Xen Users,
 
We have experienced recently few issues on Xen 3.3.1 for
which we would appreciate if one of you can shed some light. 
 
First of all, our system configuration is:
-         
a dual Xeon 2.5GHz with 16Gb (8 cores) 
-         
Xen 3.3.1 from latest xensources distributed with Linux
Kernel 2.6.18.8-xen
-         
Dom0 is a Centos 5.2 upgraded few days ago to Centos
5.3
-         
There are 6 HVM DomUs running, 5 with sporadic issues
(see below) are Fedora-10 x86_64 and 1 domU (no issue so far) is a Windows 2003.
-         
The 5 Fedora-10 domUs have the latest package upgrades,
including a Linux kernel 2.6.27.19-170.2.35.fc10.x86_64. They have 2 vCPU each,
between 512MB to 1Gb of memory, and 30Gb of disk space stored on an internal
SATA
-         
Dom0’s VPCU is pinned to core 0 (dom0_vcpus_pin)
-         
DomUs are  visibly sharing core 1 to 7, (xm vcpu_List)
although no config was done to map them to specific Cpu/cores 
 
Now here are our observations:
 
(1)    The
Fedora-10 domUs described above are randomly and partially (see below) freezing
after running for some hours. 
-         
If there is a pre-existing ssh session on a hung domU, some
commands such as ‘ls’, ‘ps’, ‘tail –f <file>’,’free’
can be executed while commands such ‘top’, ‘vmstat’

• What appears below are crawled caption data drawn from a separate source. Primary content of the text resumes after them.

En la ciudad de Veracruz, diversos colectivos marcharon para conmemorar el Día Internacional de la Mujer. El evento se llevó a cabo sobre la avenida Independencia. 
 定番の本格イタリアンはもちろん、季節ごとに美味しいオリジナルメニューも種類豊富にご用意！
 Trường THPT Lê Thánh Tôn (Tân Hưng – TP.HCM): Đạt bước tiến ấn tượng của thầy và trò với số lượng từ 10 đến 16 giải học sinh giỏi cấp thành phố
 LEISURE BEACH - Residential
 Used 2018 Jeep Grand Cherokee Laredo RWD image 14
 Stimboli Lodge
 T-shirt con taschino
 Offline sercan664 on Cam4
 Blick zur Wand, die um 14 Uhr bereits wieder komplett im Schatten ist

will hang OR sometimes no command at all
-         
Xentop display of 0% activity on a hung domU although I
have observed a 100% once on another hung one
-         
There is nothing significant on  domU:/var/log/messages
and nothing as well on dom0:/var/log/xen/qemu-dm-… 
-         
Nagios running on dom0 doesn’t really picked this
condition up as the hung domUs are still able to answer ping or able to answer Nagios
ssh checkin; note that ssh to a hung domU doesn’t work although Nagios basic
tcp port answers on 22
-         
Their time is completely off (see next observation
below) with or without ntpd running
-         
I had the occasion to run ‘free’ on few of
them and it appears that they had enough free memory, i.e. not swapping at all 
 
ð  I
don’t want to speculate on the potential root cause nevertheless what can
be the next most effective troubleshooting steps? 
o  
Force a domU system dump? And then?
o  
Deep dive into dom0 logs although a quick
browsing wasn’t successful?
o  
Disable most of the processes on one of these
domU to identify if a user proc can cause this issue (may be very time
consuming)?
o  
Set the run-level to 3 instead of 5?
o  
etc 
 
(2)    The
5 Fedora-10s domUs are not keeping their time in sync
 
We have read different pages concerning
time management for a Linux domU but we haven’t found yet something
concluding and/or haven’t been able to set this up properly. The facts
are:
 
-         
Our dom0 runs ntpd and is perfectly synchronized on
external public ntp sources
-         
We tried initially to run ntpd on the Fedora-10 domUs,
configured on external public sources, which has proven to be unsuccessful; the
time is usually off by few minutes
-         
We tried without ntpd, this should be the proper
configuration according to our readings as the domUs’ hardware clock
should sync up on their dom0’s hw clock alas still unsuccessful. In this
case, the domUs end up significantly lagging behind their dom0’s time
-         
We have read on few occasion that there is a parameter
to set with echo 1 > /proc/sys/xen/independent_wallclock in order to
run ntpd on a domU, but /proc/sys/xen doesn’t exist on these Fedora-10
domUs. Is it an expected behavior? Should we assume the setting
independent_wallclock is only for PV domUs?! 
-         
Note that one of the domUs is a Windows 2003 server 32-bits
and is perfectly on time, i.e. in sync with its dom0. It does run the default
Windows time service, no ntpd installed
 
(3)    The
5 Fedora-10 domUs have been installed as HVM domU but their kernels see them as
PV. This may be a misunderstanding from our side, however, a dmesg on the 5 Fedora-10
domUs, shows the message:
“Booting paravirtualized
kernel on bare hardware”
 
We just installed an HVM centos 5.3 domU, and this time the
kernel boot message “Booting …” doesn’t appear. 
 
Therefore, can we conclude that the presumed HVM Fedora-10 domUs
are in fact PV domUs?
Should a /proc/sys/xen be present on a PV domU or on any
type of domUs?
 
Thank you,
Lionel Raynaud.